**Try it:** Across the whole listing, how many lines hold the word "Renault"? Reply with the number by itself.

**Dataset entries:**
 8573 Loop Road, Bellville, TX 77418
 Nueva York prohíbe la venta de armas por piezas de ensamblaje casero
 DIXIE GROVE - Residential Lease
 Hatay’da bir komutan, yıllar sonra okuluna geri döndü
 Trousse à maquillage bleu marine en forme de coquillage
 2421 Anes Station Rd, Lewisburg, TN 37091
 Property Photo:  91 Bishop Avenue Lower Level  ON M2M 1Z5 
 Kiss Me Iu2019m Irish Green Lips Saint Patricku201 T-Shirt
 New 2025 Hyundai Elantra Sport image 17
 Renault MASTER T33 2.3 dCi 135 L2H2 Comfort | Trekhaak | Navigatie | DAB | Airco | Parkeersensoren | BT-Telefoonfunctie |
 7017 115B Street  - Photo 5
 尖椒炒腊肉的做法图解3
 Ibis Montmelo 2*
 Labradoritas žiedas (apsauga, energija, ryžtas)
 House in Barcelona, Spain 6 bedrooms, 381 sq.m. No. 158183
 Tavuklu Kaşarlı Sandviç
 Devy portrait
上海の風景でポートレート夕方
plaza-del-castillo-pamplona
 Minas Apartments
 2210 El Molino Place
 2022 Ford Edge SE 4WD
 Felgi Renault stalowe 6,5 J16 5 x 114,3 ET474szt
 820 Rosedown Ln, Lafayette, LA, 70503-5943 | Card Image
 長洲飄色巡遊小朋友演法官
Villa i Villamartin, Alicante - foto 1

**Solution to the exercise:** 2